There are two approaches that can be used:
Provide an
error_callback
value to theodin.codecs.csv_codec.Reader
- Sub-class the
odin.codecs.csv_codec.Reader
class and implement a custom
handle_validation_error
method to process errors.
- Sub-class the
Note
Providing an error_callback
will overwrite any custom
handle_validation_error
method.
The error_callback
option is the simplest:
def error_callback(validation_error, idx):
"""
Handle errors reading rows from CSV file.
:param validation_error: The validation error exception
:param idx: The row index the error occurred on.

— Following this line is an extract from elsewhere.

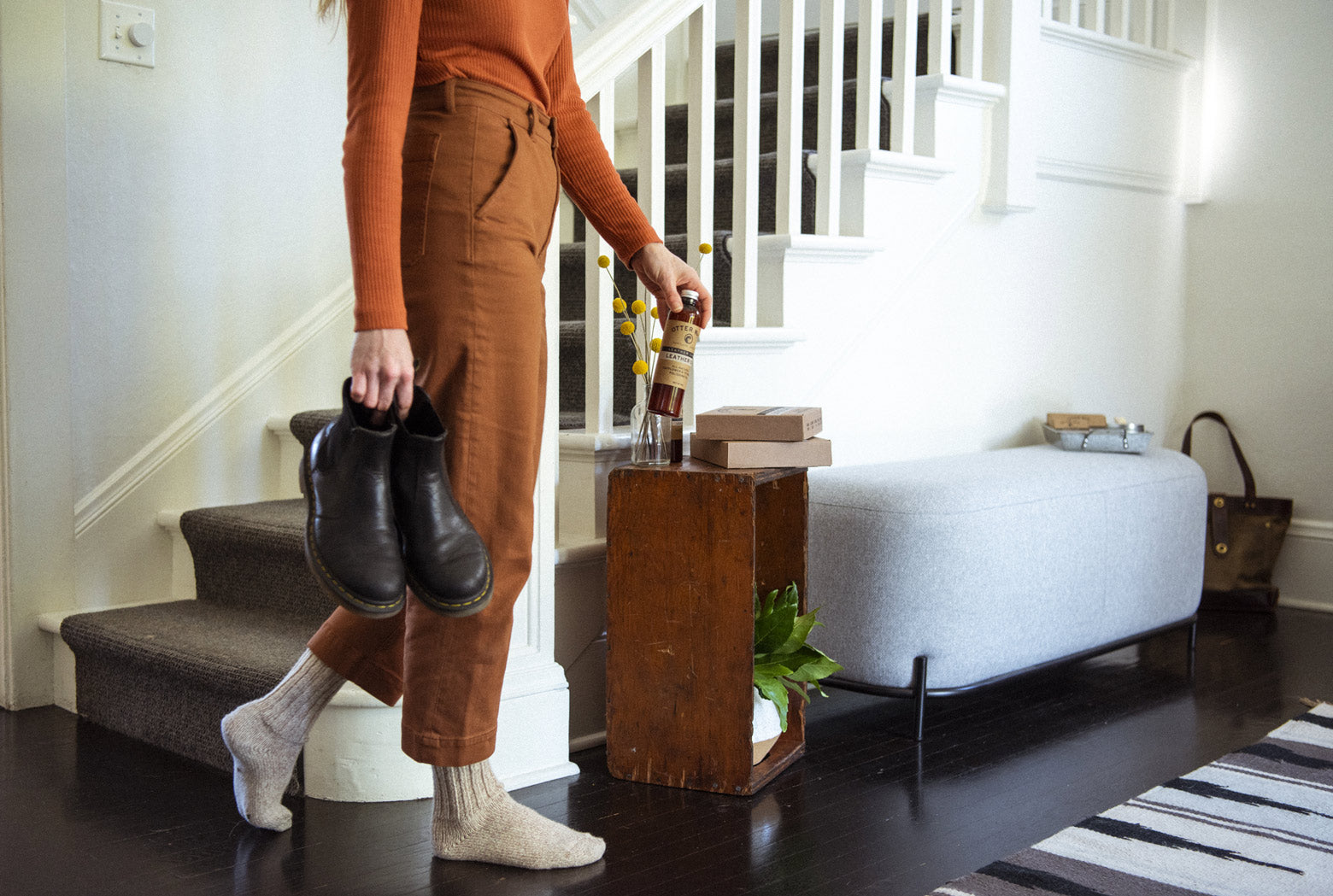 Person standing near a staircase holding black leather boots and a bottle of Otter Wax Leather Cleaner, with a wooden crate and small bench in a bright entryway.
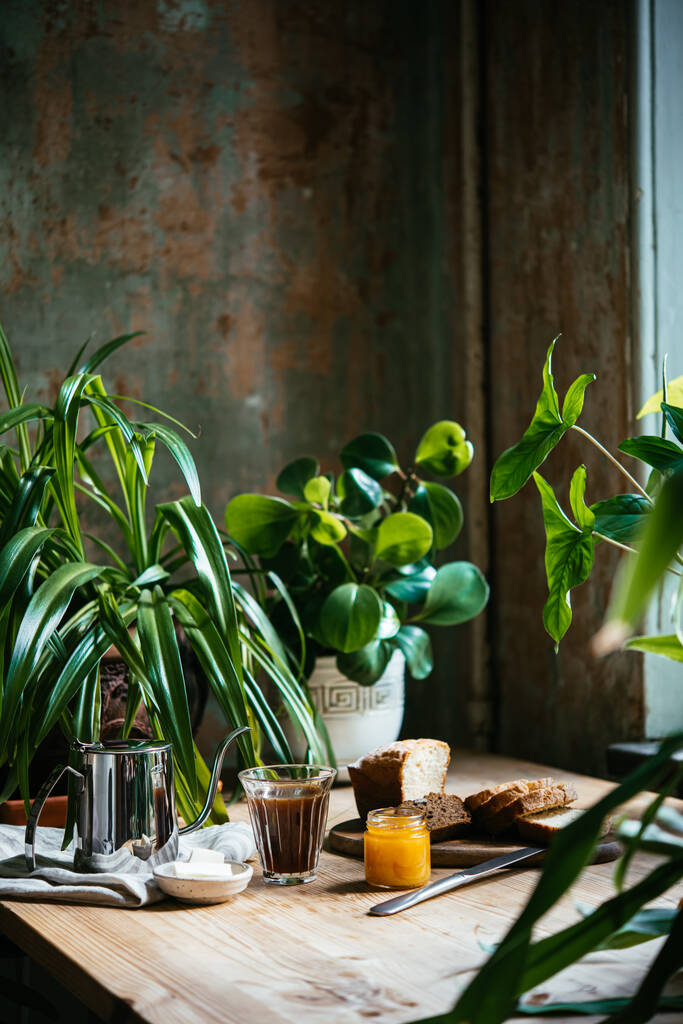 Πρωινό με κρουασάν και καφέ σερβίρεται σε ένα όμορφο τραπέζι γεμάτο φυτά. Απολαμβάνοντας το χρόνο στο σπίτι έννοια. - Φωτογραφία, εικόνα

:returns: ``None`` or ``False`` to explicitly case the exception to
be raised.
"""
print("Error in row {}: {}".format(idx, validation_error), file=sys.stderr)
with open("my_file.csv") as f:
for r in MyFileReader(f, MyResource, error_callback=error_callback):
...
The sub-class method is more involved upfront but does allow for more customisation:
class MyReader(csv_codec.Reader):
"""
Custom file reader that reports errors to a file.
"""
def __init__(self, f, error_file, *args, **kwargs):
super().__init__(self, *args, **kwargs)
self.error_file = error_file
def handle_validation_error(self, validation_error, idx):
self.error_file.write("{}\t{}\n".format(idx, validation_error))
with open("my_file.csv") as f_in, open("my_file.error.csv", "w") as f_err:
for r in MyReader(f_in, f_err, MyResource):
...
The second option allows for a lot of customisation and reuses. For example the error report could itself output a CSV file.